Unique Project Tells Story of Early Icelandic Mormons

Iceland is nearly 4,000 miles from Utah, but the two places are tied together by the early history of The Church of Jesus Christ of Latter-day Saints. Now this shared story is the subject of a unique international project and a new museum exhibit.

Between 1854 and 1914, hundreds of Icelanders joined the Church and emigrated to Utah, where they founded the first permanent Icelandic settlement in North America. These pioneers are now remembered in a permanent museum exhibit at the Vestmannaeyjar Folk Museum on the island of Heimay in Vestmannaeyjar, Iceland, called Icelandic Heritage Among the Mormons.

Kristjan Geir Mathiesen was among Icelandic Latter-day Saints who traveled by car and ferry to celebrate the opening of the exhibit in July. He says the new display connects the past to the present.

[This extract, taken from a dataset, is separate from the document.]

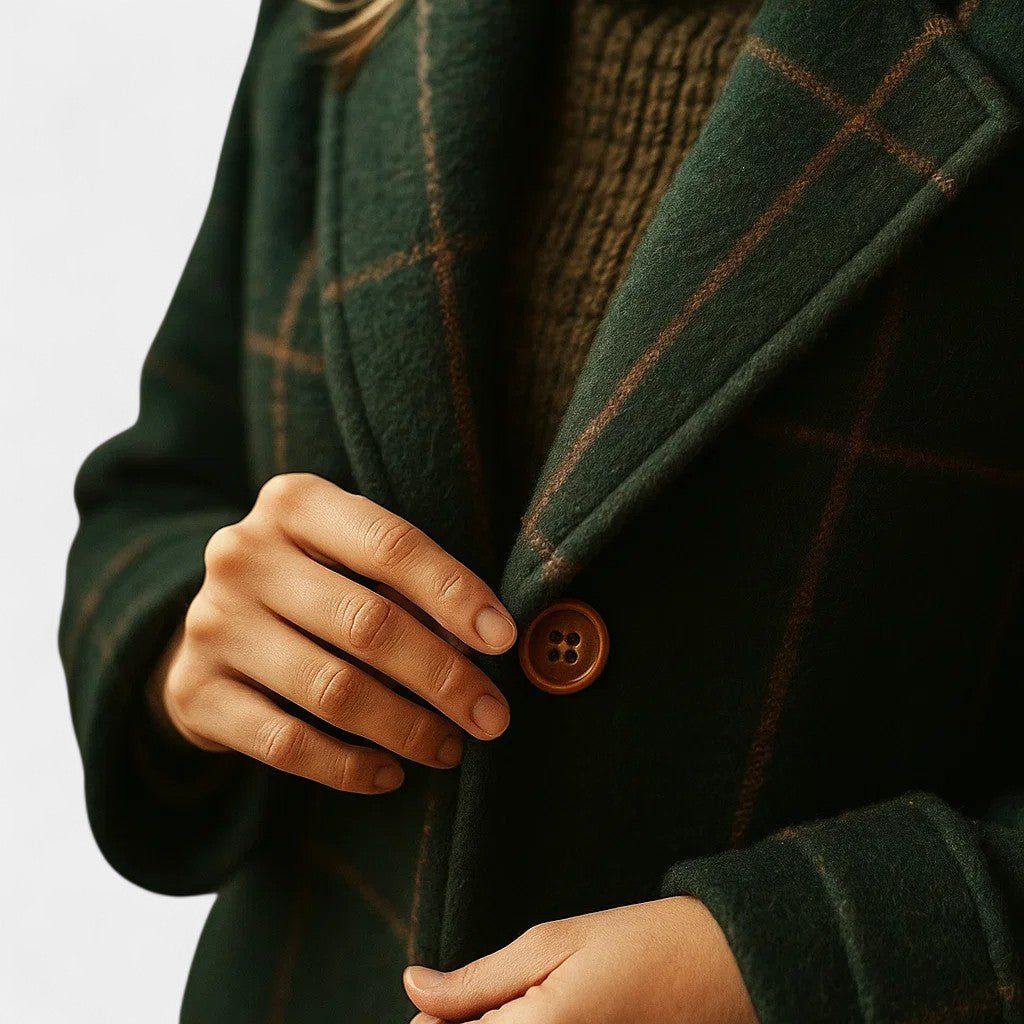 Adriana Plaid Winter Trench Coat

“People in Iceland are interested in finding out what happened to those who went west with the Church,” Mathiesen said. “The exhibit shows this heritage for future generations in Iceland.”

Steven Olsen of the Church History Department says although the exhibit is specific to Iceland, it reflects the experience of many who joined the Church in the 19th century.

“Converting to a new religion often means that the proselyte must sacrifice their heritage for the sake of their new faith. This exhibit celebrates the experience of a group of LDS converts who preserved their native identity and did so in a new homeland that was far away from and quite different than the land of their birth,” Olsen said. “Many converts to Mormonism through the years find that their new religion encourages the preservation of the best of their native traditions.”

The museum exhibit is part of a larger project that will continue for the next four years. Fred Woods from Brigham Young University is working with Kári Bjarnason from the Vestmannaeyjar Folk Museum to collect manuscripts and images in both Utah and Iceland that provide information concerning early Icelandic Mormon history during the years 1851 to 1914. 

“There were 400 people who left Iceland and went to Utah and made a new living there,” Bjarnason said. “The goal of this project is to first, understand why they left and secondly to bridge the gap between those who are living and their ancestors. People want to know more about their own people. They may have different reasons for it, perhaps religion, family ties or just curiosity. Our hope and dream is to bring those 400 people back to life, to tell their stories with their own words, so their descendants can come to know them better.”

Woods and Bjarnason are visiting the descendants of early Icelandic Church members to collect photos, letters, diaries and other historic documents. Some of these descendants have old family letters they have not been able to read because they are in Icelandic. During their visit, Bjarnason will translate the letter on the spot, which is an emotional experience for all involved.  

“It’s been an incredible opportunity to go into the homes of these people,” Woods said. “They get tears in their eyes, and we can see the knitting of their hearts back to their ancestors in Iceland. They are learning about relatives they knew nothing about and it is very rewarding to unite these families back together.”

One of those descendants is David Ashby of Spanish Fork, Utah, whose maternal great-grandparents emigrated from Iceland in the 1880s.

“The important records of our ancestors are disappearing fast, so we must preserve them now,” Ashby said. “It’s important to know about our heritage, to get to know about our ancestors and their lives. Even though I don’t have personal accounts of my ancestors, I feel close to them. I am proud of my Icelandic heritage.”

Ashby, who is a past president of the Utah Icelandic Association, said that his two Icelandic ancestors now have about 800 descendants in 6 generations. Through learning about the Icelandic immigrants, he has been able to connect with many living relatives and celebrate their shared heritage. 

Woods said their effort to gather and share historic Icelandic documents will enable many more people to know their heritage. So far, he and Bjarnason have collected 2,000 documents that have never before been in an archive. They plan to translate the documents and post them on a website to provide access to people around the world.

“People resonate with this project, which is really cutting edge international research,” Woods said. “We have an Icelandic Catholic scholar and a Mormon professor working together. We feel that we are being guided by a divine power that brings us together as Christian brothers.”

“Icelanders have always been interested in their own history,” Bjarnason said. “The people who went to Utah are our brothers and sisters. They may be in another faith, but we want to understand and come closer to these people.”